### SUPPLIED DATA
········

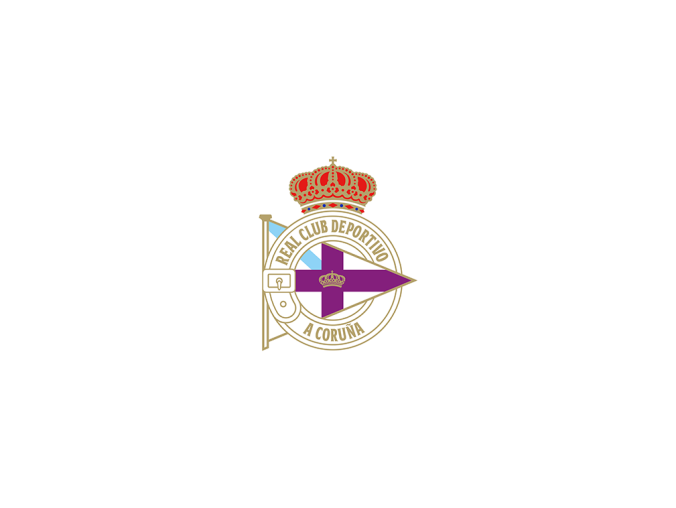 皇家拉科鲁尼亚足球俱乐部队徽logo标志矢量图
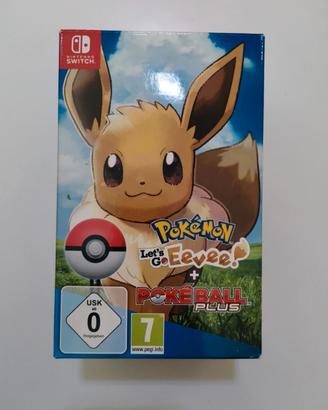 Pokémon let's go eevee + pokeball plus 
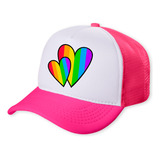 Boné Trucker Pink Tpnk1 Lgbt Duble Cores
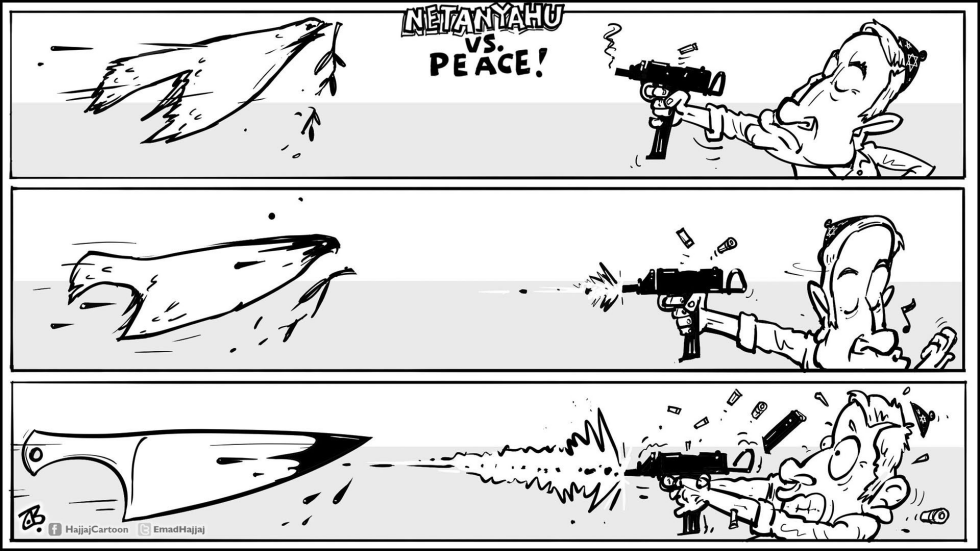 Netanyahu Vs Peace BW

········

Retype the listing above exactly as it appears, omitting the pictures.

### PROBLEM SOLUTION
 皇家拉科鲁尼亚足球俱乐部队徽logo标志矢量图
 Pokémon let's go eevee + pokeball plus 
 Boné Trucker Pink Tpnk1 Lgbt Duble Cores
 Netanyahu Vs Peace BW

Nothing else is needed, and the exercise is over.